About the Book
Inter-organizational relations (IOR), the study of Strategic Alliances, Joint Ventures, Partnerships, Networks and other forms of relationship between organizations, is a field of study that has burgeoned over the last four decades, but is fragemented, drawing contributions from a wide variety of disciplines, theoretical bases, and sectoral interests. The Oxford Handbook of Inter-Organizational Relations provides a structured overview of the field. With contributions from leading international experts on their particular areas of expertise, it is an authoritative introduction to its research findings. The material is organized in three main sections. The first relates to research that focuses on particular manifestations of IORs such as industry, supply, policy and project networks, public and voluntary sector partnerships, strategic alliances, and so on. The second section relates to research that stems from distinct disciplinary or theoretical bases, including, institutional theory, social networks, evolutionary theory, transaction cost economics, management process, psychology, critical theory political theory, economic geography, and the legal perspective. The third section focuses on key topics in contemporary IOR topics--or those that will become so in the future.
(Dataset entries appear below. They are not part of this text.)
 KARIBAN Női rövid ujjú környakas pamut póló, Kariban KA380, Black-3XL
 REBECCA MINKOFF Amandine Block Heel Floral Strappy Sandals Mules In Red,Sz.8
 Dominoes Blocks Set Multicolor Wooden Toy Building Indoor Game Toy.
These include, trust, power, development interventions, social capital, learning and knowledge, dynamics and change, and evaluation. About the Series
Oxford Handbooks in Business & Management bring together the world's leading scholars on the subject to discuss current research and the latest thinking in a range of interrelated topics including Strategy, Organizational Behavior, Public Management, International Business, and many others. Containing completely new essays with extensive referencing to further reading and key ideas, the volumes, in hardback or paperback, serve as both a thorough introduction to a topic and a useful desk reference for scholars and advanced students alike.
About the Author:
Steve Cropper is Professor in Management at the Centre for Health Planning and Management and first Director of the Institute for Public Policy and Management at Keele University, UK. His research concerns strategy making, decision support and inter-agency collaborative working in health and public services, working closely with policy makers and practitioners. He is inaugural chair of an advisory committee for the National Health Service's 'Research for Patient Benefit' programme. Current research projects are tracing the formation and development, over time, of partnerships and networks in community and health care settings using ethnographic, process evaluation and action research. He is co-editor of three other books and author of a series of papers on collaborative inter-organizational processes. He is a steering group member and former convenor of the Special Interest Group on Inter-Organizational Relations of the British Academy of Management. Mark Ebers is Professor of Business
Administration, Corporate Development and Organization, at Cologne University, Germany, since 2004. He has been International Visiting Fellow at the Advanced Institute of Management (AIM, UK) in 2006, visiting professor at Tilburg University (2004), Harvard Business School (2002), Harvard University (1997), and Bocconi University (1996). In 1989/90 he was a John F. Kennedy Memorial Fellow at Harvard University. He has edited The Formation of Inter-Organizational Networks (OUP, 1997), co-edited a Special Issues of International Studies of Management & Organization on industry networks (vol. 27, no. 4, 1997-98), and has published a number of articles on inter-organizational relations. He is co-founder and co-organizer of the EGOS Standing Working Group on Business Networks, and has convened sub-themes on inter-organizational relations at five EGOS colloquia. Chris Huxham is a Senior Fellow of the ESRC/EPSRC Advanced Institute of Management Research, Professor of Management at the
University of Strathclyde Business School and Chair of the British Academy of Management. She has been researching in this area for more than 17 years and has a large number of publications in the area. She has three times received awards from the Academy of Management for articles based on this work. This work is brought together in her book, Managing to Collaborate: the Theory and Practice of Collaborative Advantage (Routledge, 2005). She is editor of Creating Collaborative Advantage (Sage, 1996), which brought together contributions from authors in the United States and Europe. She was Founding Convenor of the British Academy of Management's Special Interest Group on Inter-Organizational Relations and co-founder of the annual International Conference on Multi-organizational Partnerships, Alliances and Networks (MOPAN), now in its fourteenth year. Peter Smith Ring has been a faculty member at Loyola Marymount University since 1990, and Professor of Strategic Management since 1994.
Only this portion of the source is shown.